I could not find any documentation on the “big picture” of access control in OpenMRS but I guess we have two possible easy-to-implement designs for this module:
a single module based privilege that gives access to all api methods (kind of like metadata sharing module’s {{MetadataSharingConsts.MODULE_PRIVILEGE}})
separate privileges for managing metadata mappings and reading metadata mappings
I would personally go for the latter design.
However, understanding the big picture of access control would be interesting when thinking about MetadataMappingService#getMetadataItem. The implementation goes around all api level access control related to the metadata item in question. For example, normally you might get a Location via LocationService#getLocation(java.lang.Integer) but metadata mapping module loads it directly from the database thus skipping privilege checks. I don’t know why this would be problem as we are only talking about reading metadata. But still, Location api probably requires privileges for a reason, right?
To be specific we should require authentication for get methods (annotate them with @Authorized without specifying privileges) and the “Manage Metadata Mapping” privilege for write access.

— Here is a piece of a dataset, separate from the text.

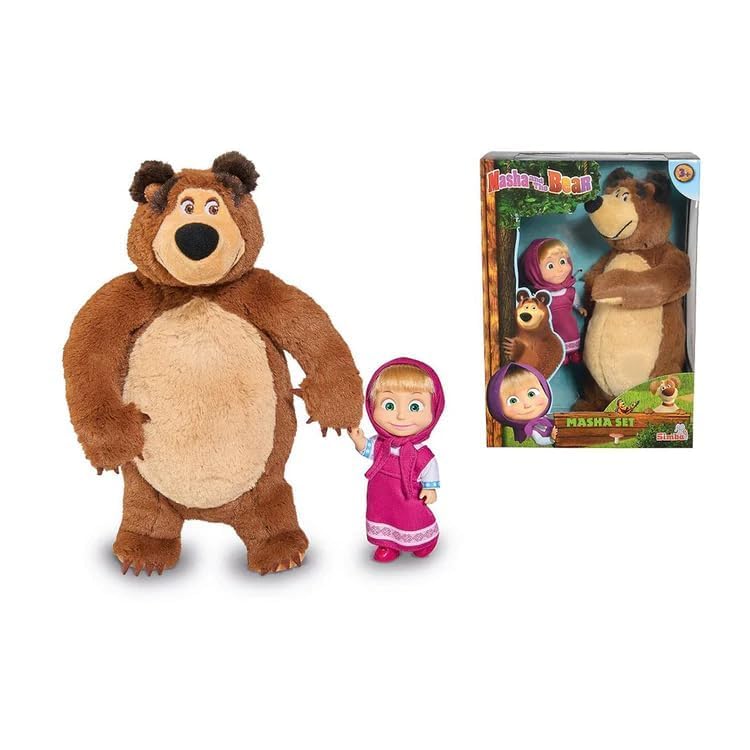 Masha & The Bear Play Set Set by Fratelli (12cm Masha Doll with 25cm Plush Bear Set)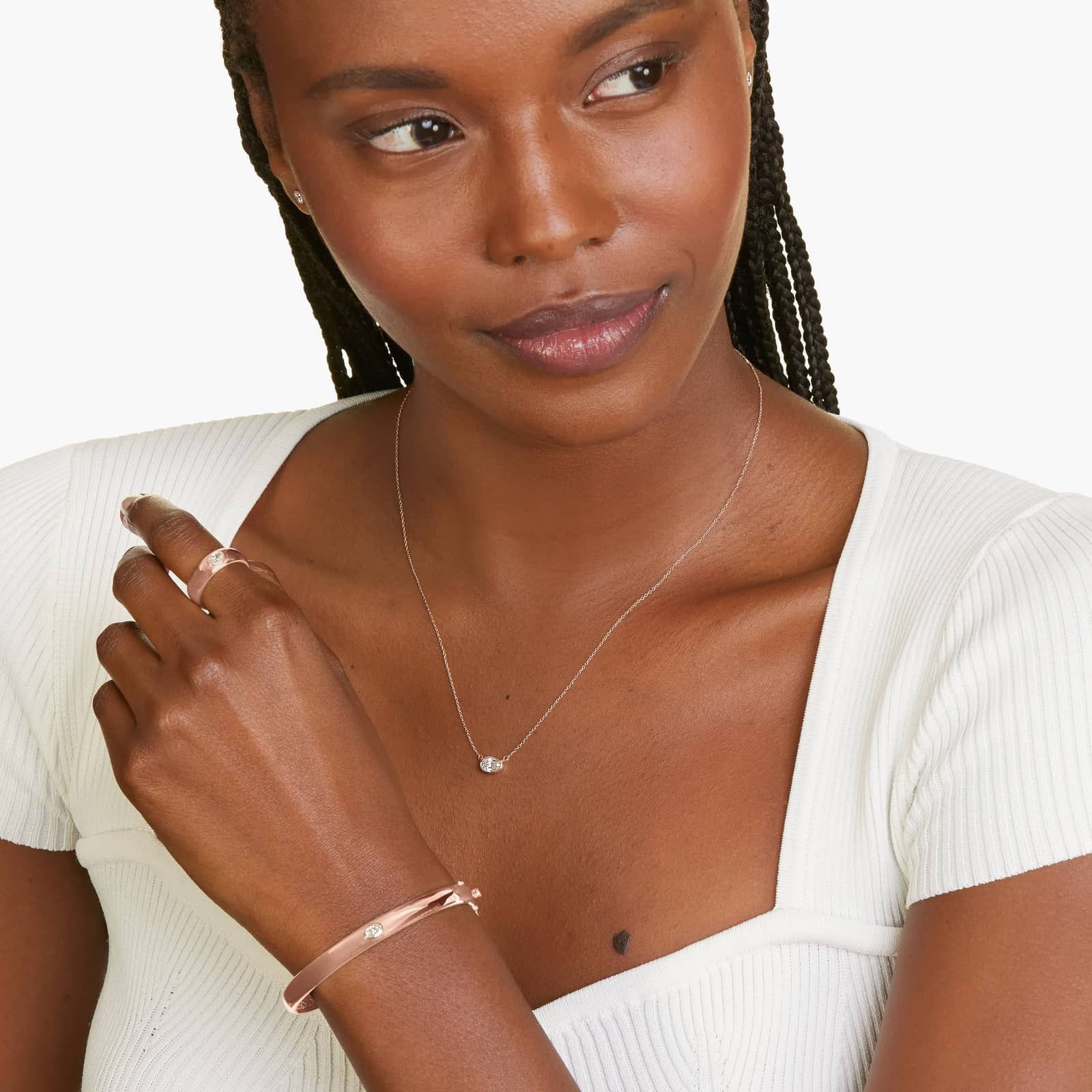 14K Rose Gold Fancy Bezels Lab Grown Oval Diamond Bangle Bracelet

I took a closer look at the code and found two more issues we should address:
There is an existing privilege “Metadata Mapping” that does not seem to be used but is created (via config.xml). I suggest we drop this privilege (via liquibase) and use the new and more specific “Manage Metadata Mappings” instead.
The pre 1.1.0 methods in MetadataMappingService, like isAddLocalMappingToConceptOnExport(), do not have any authorization rules. I suggest we apply the same privileges on these methods. On the other hand, would this affect users of Metadata Sharing Module, as it depends on Metadata Mapping Module (and MetadataMappingService)?
I think both changes you suggest make a lot of sense. Metadata Sharing users are unlikely to be affected, because most of them are administrators anyway thus they have all privileges. It is best to fix all methods as you suggest.